Laboratory tests play a key role, particularly serum glucagon levels, which are elevated in glucagonoma. Plasma glucagon concentrations above 500 pg/mL strongly suggest a glucagon-secreting tumor, though levels may vary with tumor burden. Additional metabolic panels often reveal hypoalbuminemia, normocytic anemia, and electrolyte imbalances. Zinc and amino acid levels should also be assessed, as deficiencies can exacerbate skin manifestations.
Histopathological examination of skin biopsies can support diagnosis by revealing epidermal necrosis, parakeratosis, and pallor of the upper epidermis. Superficial perivascular inflammation, often with neutrophilic infiltration, may be present but is not specific to NME. Imaging studies, such as contrast-enhanced CT or MRI of the pancreas, are typically performed to locate a glucagonoma. Functional imaging with somatostatin receptor-based modalities, such as Ga-68 DOTATATE PET/CT, offers superior sensitivity in detecting neuroendocrine tumors and assessing metastatic spread.
The course of necrotizing migratory erythema (NME) is unpredictable, with lesions demonstrating cycles of resolution and recurrence.
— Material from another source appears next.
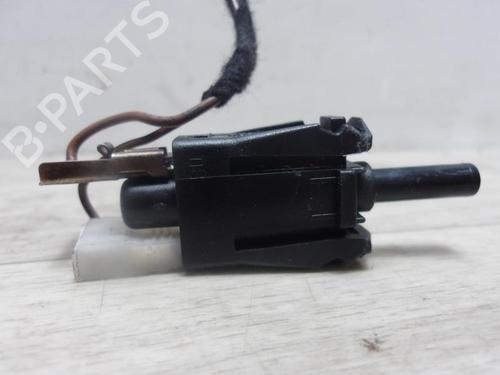 Used Switch MERCEDES-BENZ C-CLASS Coupe (CL203) C 220 CDI (203.708) (150 hp) 12976423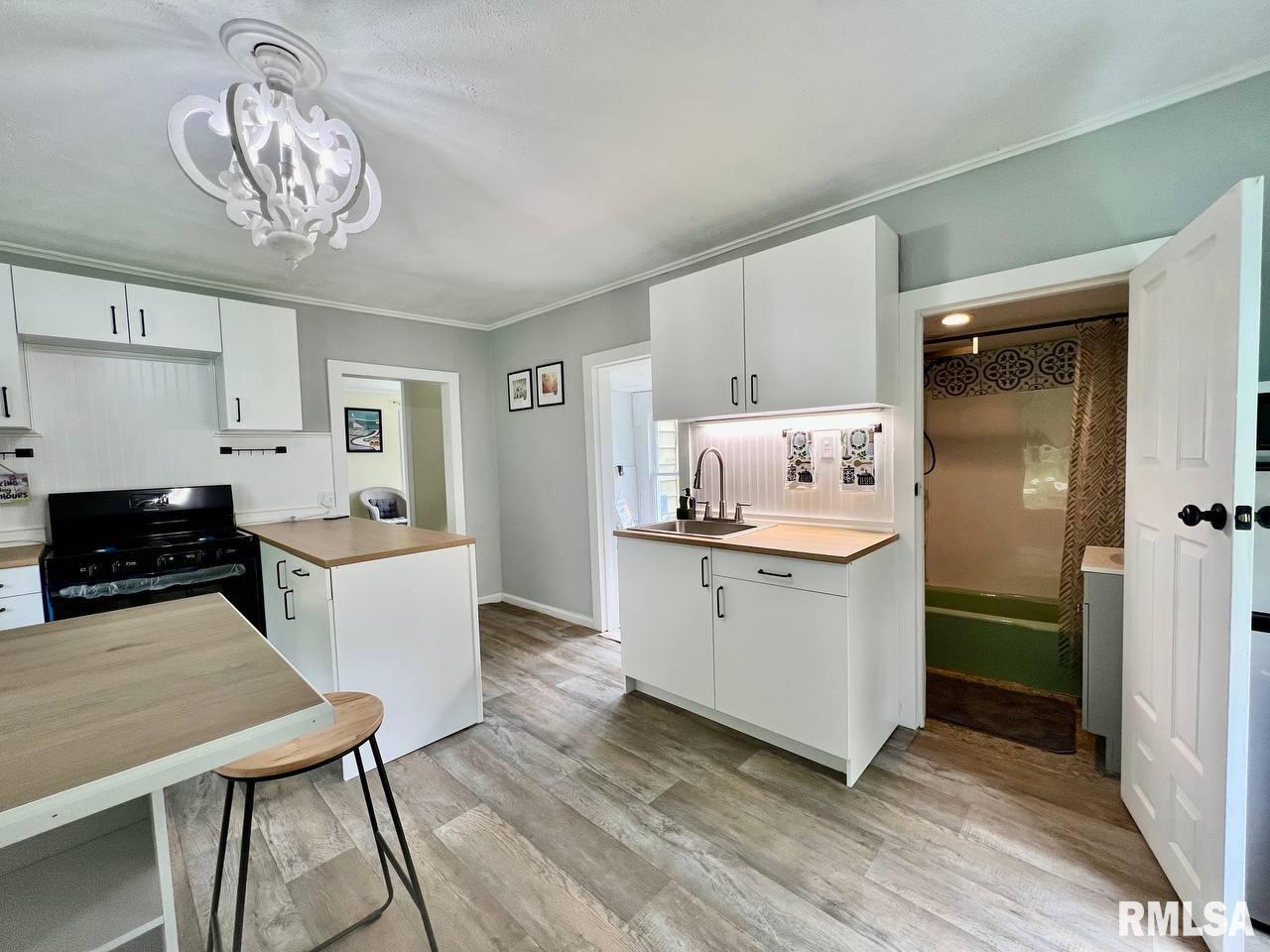 10103 West Powder Mill Road Edwards, IL 61528 - Photo 12 of 25 Gallery Image 12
Early lesions appear as erythematous plaques with annular or serpiginous configurations, expanding peripherally while central clearing occurs. Over time, lesions may coalesce into polycyclic patterns. The necrotic component develops in later stages as metabolic imbalances impair tissue repair, leading to superficial erosions, crusting, and desquamation. Some lesions persist for weeks before resolving, often leaving post-inflammatory hyperpigmentation.
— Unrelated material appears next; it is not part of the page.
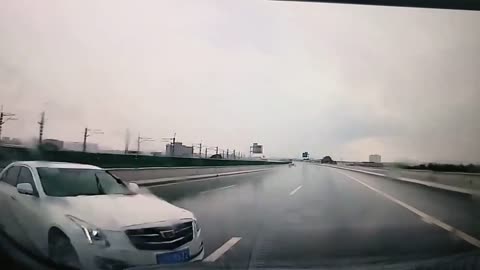 🤯🚗 You Won't Believe How This Driver Handles the Highway! | FunFM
Without intervention, NME worsens, reflecting the progression of the underlying metabolic disorder. In glucagonoma-related cases, persistent lesions indicate ongoing tumor activity, and worsening skin findings often parallel tumor growth or metastasis. Systemic symptoms such as weight loss and glucose intolerance can exacerbate cutaneous findings, as prolonged catabolic states further impair skin regeneration. In undiagnosed glucagonoma, NME may fluctuate in severity, with temporary improvements due to dietary changes or metabolic shifts. However, without targeted treatment, the disease remains chronic and relapsing, with flare-ups becoming more frequent.
Several skin disorders resemble NME, making differential diagnosis essential. Erythema gyratum repens, a paraneoplastic dermatosis, shares annular and serpiginous patterns but exhibits a more pronounced wood-grain appearance with rapid lesion migration. Unlike NME, it lacks necrotic and erosive features and is often linked to internal malignancies.
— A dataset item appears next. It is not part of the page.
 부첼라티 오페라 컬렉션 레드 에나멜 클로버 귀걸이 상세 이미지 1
Necrolytic acral erythema, associated with hepatitis C, presents as erythematous plaques that progress to scaling and hyperkeratosis, primarily affecting the dorsal hands and feet. While histopathological similarities exist, necrolytic acral erythema is distinctly linked to zinc deficiency and responds well to supplementation, whereas NME requires broader metabolic correction.
Pemphigus foliaceus, an autoimmune blistering disorder, can be confused with NME due to its superficial erosions and crusted plaques. However, its distribution favors seborrheic regions such as the face, chest, and upper back. Direct immunofluorescence studies revealing intercellular IgG deposition help distinguish it from NME. Given these overlapping presentations, careful clinical correlation, laboratory testing, and histopathological examination are necessary for accurate diagnosis and management.